Le lendemain matin, les deux partis se préparèrent à renouveler la lutte ; et Antar, s’étant engagé à défier Khosrewan pour décider des choses par combat singulier, monté sur une jument (« car son cheval Abjer, blessé la veille, était encore inapte pour le jour de la rencontre »), se précipita entre les deux armées, et parla ainsi :
Sortez, eh bien, tous les guerriers lions, goûtez un verre au tranchant de mon épée, plus amer que les coupes d’absinthe.
Quand la Mort apparaît dans les rangs serrés, alors défiez-moi à la rencontre des armées ; vous, Perses, je ne vous écoute pas, je ne vous écoute pas !
Où est celui qui veut me combattre, et qui veut me faire boire la liqueur de la mort ?
Fais-le sortir ! Qu’il voie ce qu’il rencontrera de ma lance sous l’ombre de la poussière de la guerre ; je jure, ô Abla, qu’il mangera la mort !
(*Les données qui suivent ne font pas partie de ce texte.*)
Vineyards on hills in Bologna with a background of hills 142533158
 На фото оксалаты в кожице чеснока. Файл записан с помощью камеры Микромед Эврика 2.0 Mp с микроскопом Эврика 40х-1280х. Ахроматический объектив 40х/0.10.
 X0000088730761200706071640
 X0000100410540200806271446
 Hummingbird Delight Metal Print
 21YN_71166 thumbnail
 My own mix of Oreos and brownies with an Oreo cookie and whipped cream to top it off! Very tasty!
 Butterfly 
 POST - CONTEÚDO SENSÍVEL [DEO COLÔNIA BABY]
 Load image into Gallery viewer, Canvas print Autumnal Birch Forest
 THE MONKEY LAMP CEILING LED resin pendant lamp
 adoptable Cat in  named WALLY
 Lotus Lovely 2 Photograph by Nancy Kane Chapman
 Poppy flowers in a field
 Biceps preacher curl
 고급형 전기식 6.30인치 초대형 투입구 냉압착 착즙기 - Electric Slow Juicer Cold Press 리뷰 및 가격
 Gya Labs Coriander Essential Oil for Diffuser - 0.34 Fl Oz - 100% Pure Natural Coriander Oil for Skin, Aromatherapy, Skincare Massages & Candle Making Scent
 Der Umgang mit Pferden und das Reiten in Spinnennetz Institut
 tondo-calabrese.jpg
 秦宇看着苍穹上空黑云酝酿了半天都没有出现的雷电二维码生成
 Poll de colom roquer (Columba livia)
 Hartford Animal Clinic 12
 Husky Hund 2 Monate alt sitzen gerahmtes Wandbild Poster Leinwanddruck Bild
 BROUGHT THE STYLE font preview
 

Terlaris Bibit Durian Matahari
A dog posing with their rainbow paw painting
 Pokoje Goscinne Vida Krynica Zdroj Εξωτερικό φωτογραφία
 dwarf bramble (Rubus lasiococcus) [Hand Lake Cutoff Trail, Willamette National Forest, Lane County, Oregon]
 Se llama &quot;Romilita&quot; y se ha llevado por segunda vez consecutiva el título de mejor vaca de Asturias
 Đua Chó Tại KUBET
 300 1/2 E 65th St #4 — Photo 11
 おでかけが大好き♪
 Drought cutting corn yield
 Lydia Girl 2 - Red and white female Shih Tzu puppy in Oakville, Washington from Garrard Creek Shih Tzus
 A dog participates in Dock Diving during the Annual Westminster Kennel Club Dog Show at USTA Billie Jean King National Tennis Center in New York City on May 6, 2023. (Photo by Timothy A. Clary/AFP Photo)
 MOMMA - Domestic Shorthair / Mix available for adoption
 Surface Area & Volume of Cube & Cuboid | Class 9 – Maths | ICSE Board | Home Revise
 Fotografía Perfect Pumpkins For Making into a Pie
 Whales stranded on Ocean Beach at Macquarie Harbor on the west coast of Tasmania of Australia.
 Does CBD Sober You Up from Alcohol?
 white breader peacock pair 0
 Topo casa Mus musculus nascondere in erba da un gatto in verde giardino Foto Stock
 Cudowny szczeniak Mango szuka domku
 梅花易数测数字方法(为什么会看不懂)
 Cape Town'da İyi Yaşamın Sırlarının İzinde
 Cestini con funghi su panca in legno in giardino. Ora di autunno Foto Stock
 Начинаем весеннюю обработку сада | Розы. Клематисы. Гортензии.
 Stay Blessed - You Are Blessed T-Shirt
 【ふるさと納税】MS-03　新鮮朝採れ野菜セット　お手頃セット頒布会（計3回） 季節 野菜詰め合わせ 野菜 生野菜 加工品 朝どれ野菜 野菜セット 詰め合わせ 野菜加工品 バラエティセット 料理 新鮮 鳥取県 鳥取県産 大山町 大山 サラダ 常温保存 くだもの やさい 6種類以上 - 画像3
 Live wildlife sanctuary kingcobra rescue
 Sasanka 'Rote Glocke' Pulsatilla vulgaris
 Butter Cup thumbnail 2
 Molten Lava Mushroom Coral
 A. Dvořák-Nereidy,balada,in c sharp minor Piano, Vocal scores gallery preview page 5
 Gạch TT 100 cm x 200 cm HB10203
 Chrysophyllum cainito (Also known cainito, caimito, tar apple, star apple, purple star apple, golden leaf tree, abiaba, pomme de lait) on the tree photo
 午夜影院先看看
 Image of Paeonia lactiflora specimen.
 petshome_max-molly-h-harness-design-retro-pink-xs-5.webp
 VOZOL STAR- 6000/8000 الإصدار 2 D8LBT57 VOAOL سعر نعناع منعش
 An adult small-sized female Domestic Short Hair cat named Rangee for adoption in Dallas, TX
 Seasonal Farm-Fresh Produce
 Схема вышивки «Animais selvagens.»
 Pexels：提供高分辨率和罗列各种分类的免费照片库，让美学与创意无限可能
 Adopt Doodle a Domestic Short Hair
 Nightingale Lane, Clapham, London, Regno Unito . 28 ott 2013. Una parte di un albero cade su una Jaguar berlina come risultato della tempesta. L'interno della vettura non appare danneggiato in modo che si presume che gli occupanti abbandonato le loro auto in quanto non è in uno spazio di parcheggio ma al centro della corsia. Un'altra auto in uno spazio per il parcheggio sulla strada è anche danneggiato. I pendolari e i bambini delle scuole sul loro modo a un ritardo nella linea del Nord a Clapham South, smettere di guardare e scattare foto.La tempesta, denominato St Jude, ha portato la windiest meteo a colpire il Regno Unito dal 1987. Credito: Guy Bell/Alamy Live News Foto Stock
Par tes dents, délicieuses au baiser, et par tes yeux, et toutes les douleurs de leur enchantement, et leur beauté – si ta forme visionnaire nocturne ne m’apparaissait pas, jamais je ne goûterais au sommeil !
Ô toi, mon espoir ! — Ô puisse la brise d’ouest te dire mon ardent désir de retourner à la maison !
Puisse-t-il t’apporter ma salutation, lorsque l’aube étincelante brise le voile de la nuit !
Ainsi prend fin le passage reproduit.